(RECORDED DATA)
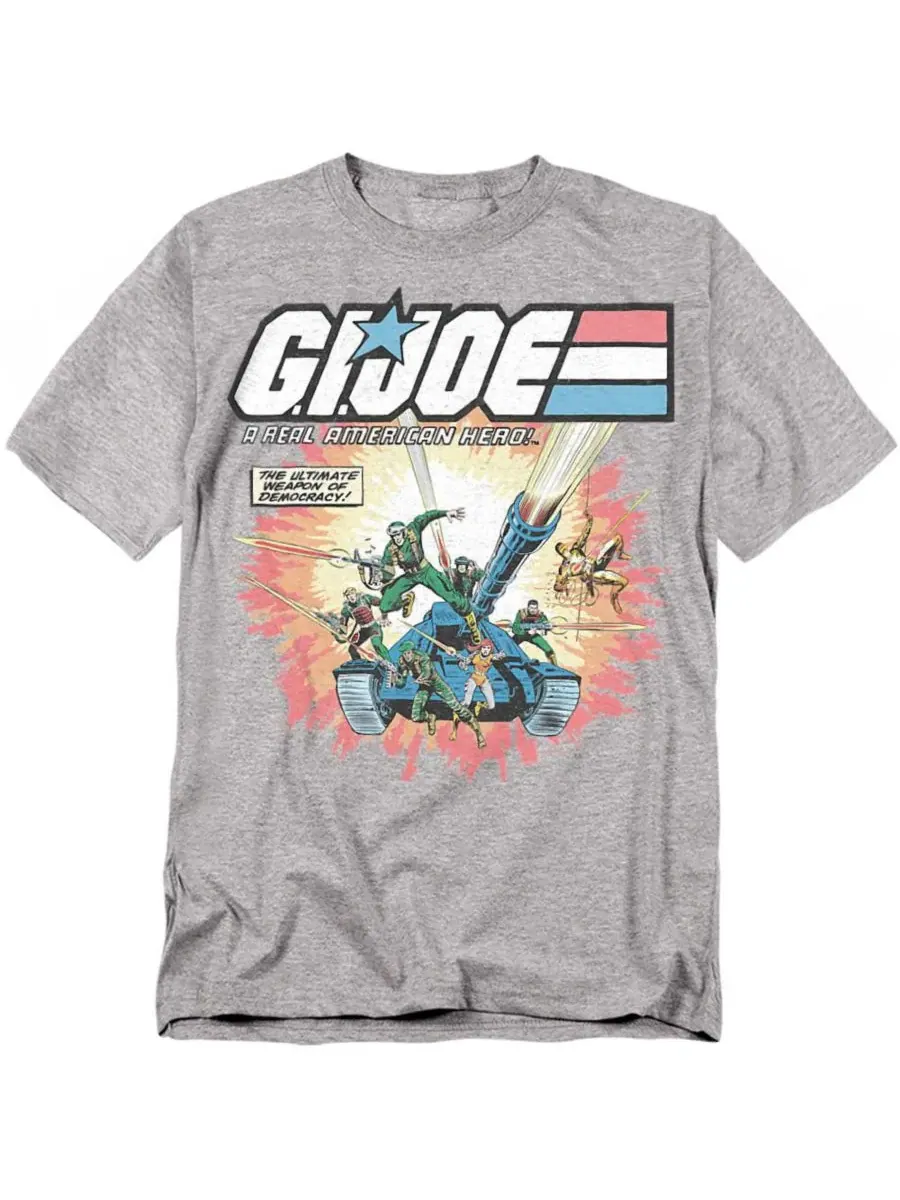 Футболка с принтом G.I. Joe Real American Hero Hasbro+ — изображение 1 из 3, приглушенный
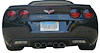 76290 Acrylic 5-Piece Tail Light EyeLid Blackout Kit, 2006-2013 Chevy Corvette - image 1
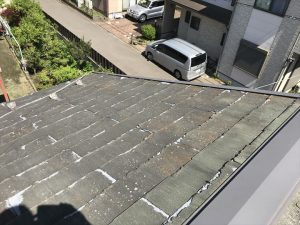パミールは塗装不能な屋根材です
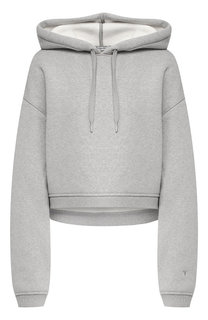 Хлопковый пуловер с капюшоном T by Alexander Wang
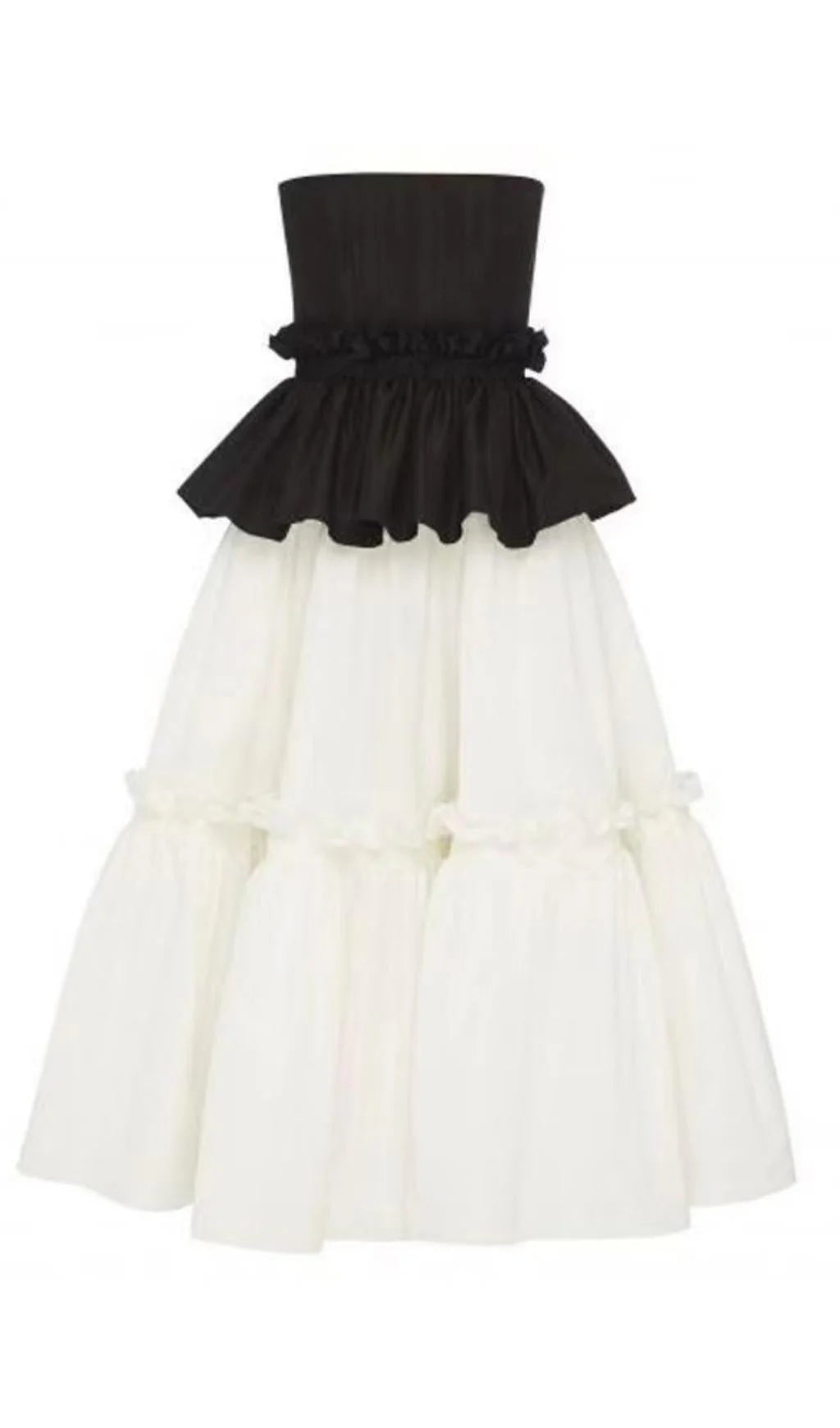 Robe de bal bustier sans bretelles avec poches et décolleté en cœur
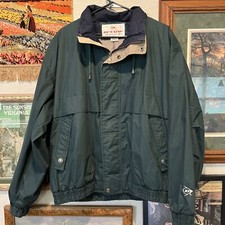 Vintage 90’s Dunlop Golfing Multicolor Hooded Windbreaker Size XL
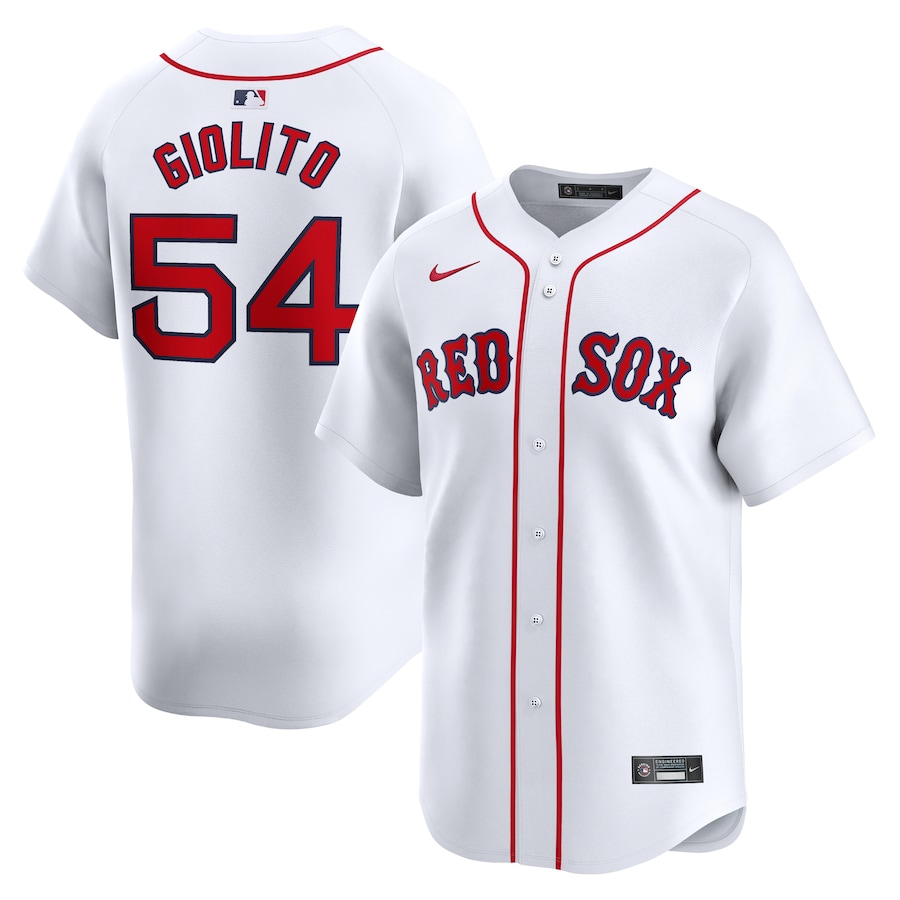 Men's Boston Red Sox Lucas Giolito Nike White Home Limited Player Jersey - Ujersey Shop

(TASK ITEM) Without the pictures, repeat all the records word for word.

(RESPONSE)
 Футболка с принтом G.I. Joe Real American Hero Hasbro+ — изображение 1 из 3, приглушенный
 76290 Acrylic 5-Piece Tail Light EyeLid Blackout Kit, 2006-2013 Chevy Corvette - image 1
パミールは塗装不能な屋根材です
 Хлопковый пуловер с капюшоном T by Alexander Wang
 Robe de bal bustier sans bretelles avec poches et décolleté en cœur
 Vintage 90’s Dunlop Golfing Multicolor Hooded Windbreaker Size XL
 Men's Boston Red Sox Lucas Giolito Nike White Home Limited Player Jersey - Ujersey Shop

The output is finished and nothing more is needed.